In 2016, Carstarphen received her second Gaylord Professorship, during which she will focus on projects that will focus on how organizations build influence, both historically and in contemporary settings, through diverse and non-traditional networks. She received the first Gaylord Professorship ever awarded in 2005 for her proposal to explore the legacy and cultural impact of 108 American Indian and African American newspapers published in the nineteenth century in what eventually became the state of Oklahoma. She subsequently published American Indians and the Mass Media (2012) with Penn State colleague Prof. John Sanchez, which was the only text about this subject that explored Indian media representation, history and law from both native and non-native contributors.

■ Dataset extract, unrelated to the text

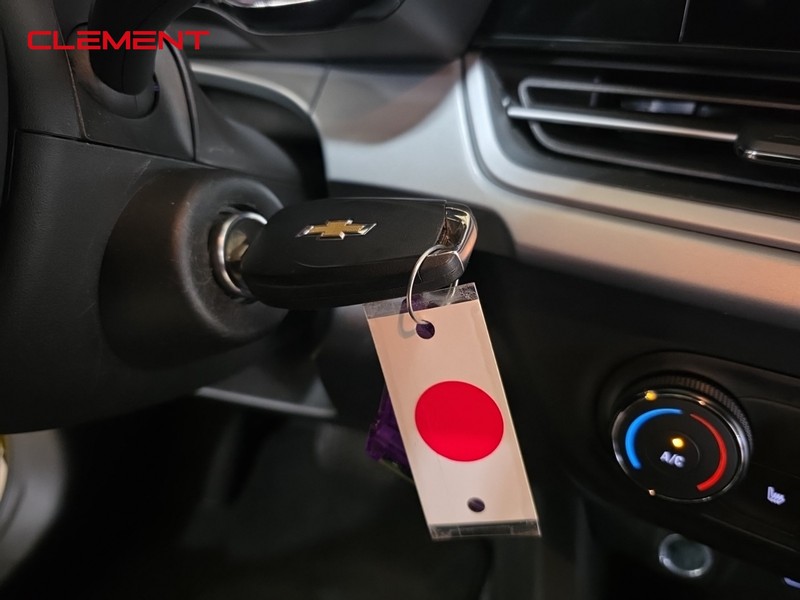 Chevrolet Trax Vehicle Full-screen Gallery Image 20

An award-winning magazine author, Carstarphen worked for the leading jewelry trade magazine, JC-K, where she earned awards for investigative reporting and feature writing as part of team reports about discrimination in the jewelry industry and the impact of digital technologies upon watches, respectively her books include Sexual Rhetoric: Media Perspectives on Sexuality, Gender and Identity, (Greenwood, 1999), Writing PR: A Multimedia Approach (Allyn & Bacon, 2004), American Indians and the Mass Media (University of Oklahoma Press, 2012 ), and Race, Gender Class and the Media (Kendall Hunt, 2012, 2014, and 3rd edition forthcoming in 2017). She teaches undergraduate and graduate classes in race/gender/class and the media, public relations and rhetoric.
Carstarphen joined the Gaylord faculty in 2002, becoming the first tenured African American professor in its history thus far. Over her tenure, she has served as Associate Dean for Academic Affairs and Graduate Director. As a member of the OU community, Carstarphen has received notable recognitions for her public outreach to students and to other communities. These include the 2012 OU Award for Distinguished Public Service, selection as a Faculty-in-Residence member from 2006 to 2010, and being selected twice as a “Namesake” mentor for incoming freshmen as part of OU’s Camp Crimson. Her most recent selection for this honor came in June 2016 as part of Camp Crimson’s 20th anniversary celebrations. Carstarphen is married and has two sons, and lives in Norman, OK.